Pour autant, les comportements individuels et collectifs continueront à être observés afin de s’assurer qu’ils restent de nature à prévenir le retour du Covid 19 ou, ultérieurement, de toute autre pandémie. Le rapport aux autres, que ceux-ci soient proches ou plus lointains, en sera durablement modifié, de même que le rapport à l’Etat. Si la multiplication des droits avait considérablement amplifié l’activité normative de celui-ci, les normes contraignant les désirs individuels étaient, de façon croissante, perçues comme difficilement supportables. Seules les obligations qui étendaient l’égalité des conditions paraissaient tolérables et admises.
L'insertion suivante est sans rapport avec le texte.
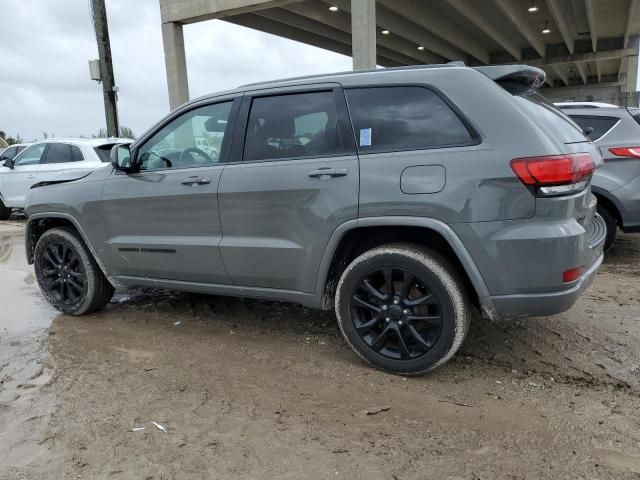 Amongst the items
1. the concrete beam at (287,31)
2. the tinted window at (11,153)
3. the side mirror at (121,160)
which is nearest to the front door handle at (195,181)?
the side mirror at (121,160)

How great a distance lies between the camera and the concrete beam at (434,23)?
48.5 feet

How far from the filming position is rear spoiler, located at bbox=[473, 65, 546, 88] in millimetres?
2935

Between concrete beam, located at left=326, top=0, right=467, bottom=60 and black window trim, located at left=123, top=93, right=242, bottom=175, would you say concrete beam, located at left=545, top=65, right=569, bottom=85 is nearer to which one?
concrete beam, located at left=326, top=0, right=467, bottom=60

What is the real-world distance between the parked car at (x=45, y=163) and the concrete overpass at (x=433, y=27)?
14.3 ft

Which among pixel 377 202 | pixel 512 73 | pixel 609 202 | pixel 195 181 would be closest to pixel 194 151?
pixel 195 181

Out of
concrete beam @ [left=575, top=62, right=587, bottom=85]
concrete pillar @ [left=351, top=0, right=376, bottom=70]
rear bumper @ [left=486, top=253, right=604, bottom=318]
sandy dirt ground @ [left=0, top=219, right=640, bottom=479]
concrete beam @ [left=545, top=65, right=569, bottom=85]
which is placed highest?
concrete beam @ [left=575, top=62, right=587, bottom=85]

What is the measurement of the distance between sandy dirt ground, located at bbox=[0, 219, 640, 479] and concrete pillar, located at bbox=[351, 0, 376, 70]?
808cm

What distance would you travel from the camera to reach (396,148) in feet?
9.77

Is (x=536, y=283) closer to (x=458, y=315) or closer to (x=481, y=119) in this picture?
(x=458, y=315)

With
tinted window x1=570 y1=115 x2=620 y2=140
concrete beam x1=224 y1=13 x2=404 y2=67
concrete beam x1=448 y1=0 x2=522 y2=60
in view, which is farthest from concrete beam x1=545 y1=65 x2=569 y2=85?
tinted window x1=570 y1=115 x2=620 y2=140

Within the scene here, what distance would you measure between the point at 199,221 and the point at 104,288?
1454 mm

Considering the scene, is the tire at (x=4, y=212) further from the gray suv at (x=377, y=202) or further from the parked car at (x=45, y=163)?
the gray suv at (x=377, y=202)

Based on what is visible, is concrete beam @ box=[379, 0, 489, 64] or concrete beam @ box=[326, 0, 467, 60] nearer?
concrete beam @ box=[379, 0, 489, 64]

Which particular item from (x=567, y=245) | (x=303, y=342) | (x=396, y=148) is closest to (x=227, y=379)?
(x=303, y=342) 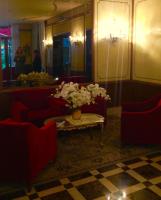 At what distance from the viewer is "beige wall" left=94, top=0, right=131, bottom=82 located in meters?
4.59

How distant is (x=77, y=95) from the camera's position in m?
2.86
A sa manière, la pandémie annonce le retour d’une forme de contrainte sociale et de la valorisation de la discipline. Les sociétés occidentales individualistes et libertaires accepteront-elles la résurgence d’un ordre disciplinaire ? Tel est l’enseignement à venir de l’actuelle pandémie. De façon significative, la reprise de l’école se traduit pour les élèves par le retour de la stricte application de règles de comportement dont l’individualisation des places au sein de la classe constitue une sorte de symbole.

Déjà confrontés, au plan géopolitique, au contre-modèle des sociétés holistes, les pays occidentaux se trouvent interpelés par la crise sanitaire sur la validité de leur propre modèle. Les sociétés où la force du groupe s’impose aux individus prétendent, et à vrai dire paraissent, avoir mieux affronté la crise que la majeure partie des démocraties occidentales. Celles-ci devront donc manifester dans l’après-crise leur capacité à s’organiser pour faire face à de nouveaux risques tout en préservant les libertés individuelles et l’autonomie des personnes qui leur sont consubstantielles. Cette perspective n’est sans doute pas hors de portée mais elle présuppose que ces démocraties, et tout particulièrement la France, aient conservé suffisamment d’attachement à l’idée nationale pour donner du sens aux efforts collectifs qui devront accompagner la responsabilité individuelle de chacun. Pour cela, il lui faudrait avoir entretenu un vrai patriotisme soit, comme le soulignait le Général de Gaulle, un véritable amour du pays et non la détestation des autres qui caractérise le nationalisme.